Published by Lenox, [Mass.], 1947
Seller: James Cummins Bookseller, ABAA, New York, NY, U.S.A.
Pen and ink on paper. 1 vols. 8-3/4 x 6-1/4 inches. "Your pictures were good seventeen years ago, the were excellent ten years ago and they are wonderful now. I hope we will be here in another ten, twenty and thirty years from now; you taking pictures, me admiring them and raving that they are magnificent, superb, unsurpassed, in short: not bad, not bad at all. "With best wishes "Stefan Lorant "Lenox, Oct. 13, 1947" Stefan Lorant (1901-1997) is widely acknowledged as a founder of modern pictorial journalism. Born into a family of studio photographers in Budapest, he pursued a career in silent-film making in Vienna and Berlin, then went on to both found and edit illustrated magazines in Germany, Hungary, and England.
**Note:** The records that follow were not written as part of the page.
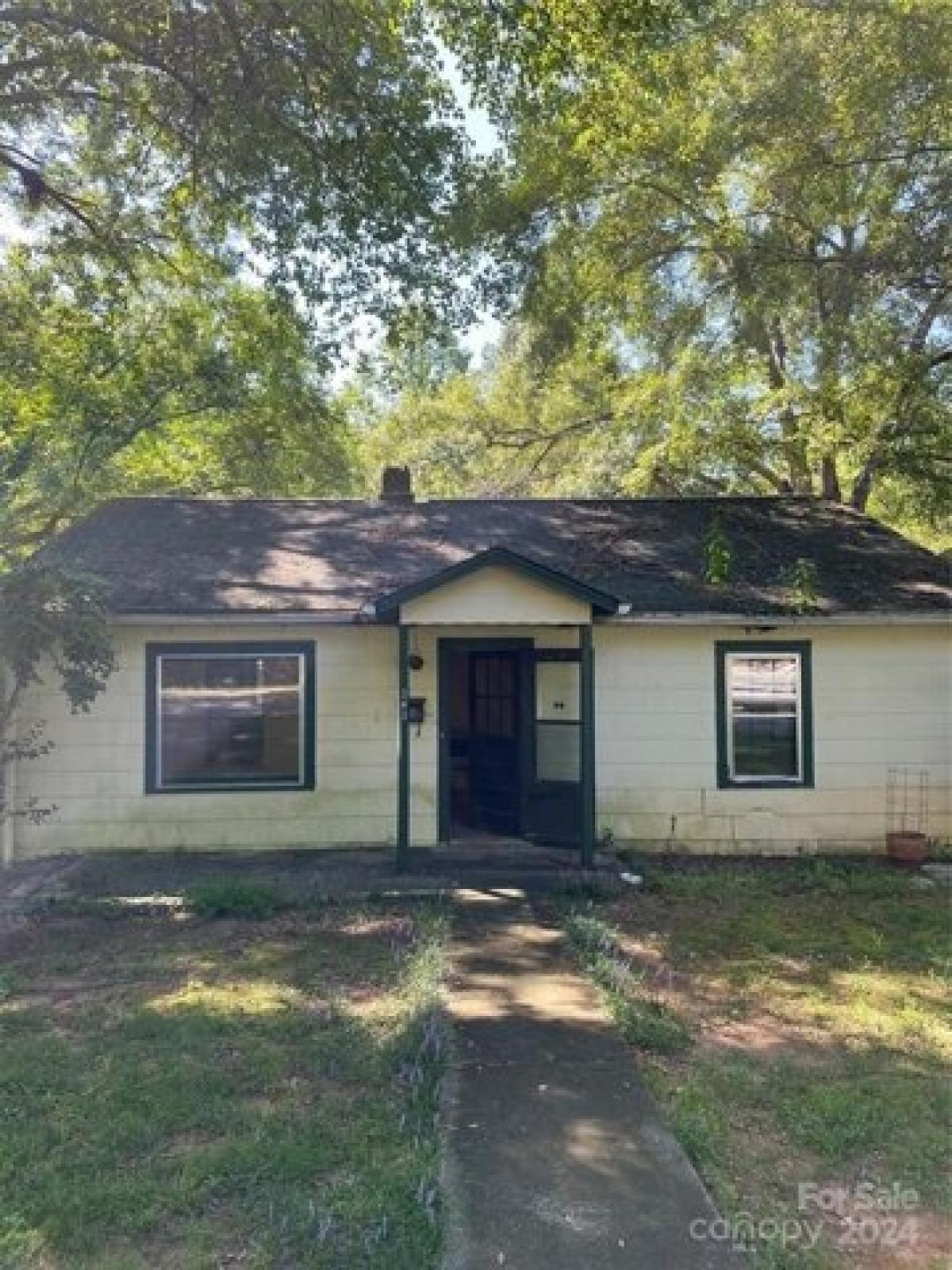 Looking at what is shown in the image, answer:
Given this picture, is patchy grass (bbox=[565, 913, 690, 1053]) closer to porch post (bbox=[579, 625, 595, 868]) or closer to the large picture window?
porch post (bbox=[579, 625, 595, 868])

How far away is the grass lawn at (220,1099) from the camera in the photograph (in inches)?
124

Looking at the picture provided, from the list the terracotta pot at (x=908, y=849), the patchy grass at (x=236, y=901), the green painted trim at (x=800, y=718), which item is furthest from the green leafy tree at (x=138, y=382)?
the terracotta pot at (x=908, y=849)

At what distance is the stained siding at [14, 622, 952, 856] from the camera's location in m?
9.20

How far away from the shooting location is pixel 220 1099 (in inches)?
163

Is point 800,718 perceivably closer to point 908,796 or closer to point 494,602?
point 908,796

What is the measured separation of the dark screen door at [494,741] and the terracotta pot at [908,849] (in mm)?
3864

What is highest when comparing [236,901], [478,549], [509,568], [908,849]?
[478,549]

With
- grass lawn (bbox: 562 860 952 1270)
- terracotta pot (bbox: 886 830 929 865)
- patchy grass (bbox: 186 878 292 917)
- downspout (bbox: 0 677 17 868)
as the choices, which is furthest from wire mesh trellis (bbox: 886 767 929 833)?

As editor of the Münchner Illustrierte Presse, Lorant transformed it into the first modern photojournalistic paper in Europe; his political commentaries after the Nazi putsch in 1933 enraged Hitler, who ordered him imprisoned. A year later, he was released through the intercession of the Hungarian government and began editing a paper in Budapest. Lorant wrote a memoir, I Was Hitler's Prisoner, and took the manuscript to London; it was published in 1935. Lorant became editor of Odham's Weekly Illustrated and then the influential British magazine Picture Post. "His innovative layouts, his 'exclusive' interviews and thirst for knowledge became a familiar part of millions of everyday lives, largely through his own creations, and in particular the legendary media icon Picture Post. His vision of photography as a documentary medium inspired Life and Look magazines in America" (biographer Michael Hallett). In 1940 he came to America where he wrote and edited pictorial history books, including the noted Lincoln: His Life in Photographs. Binding holes in left margin, else fine Pen and ink on paper. 1 vols. 8-3/4 x 6-1/4 inches.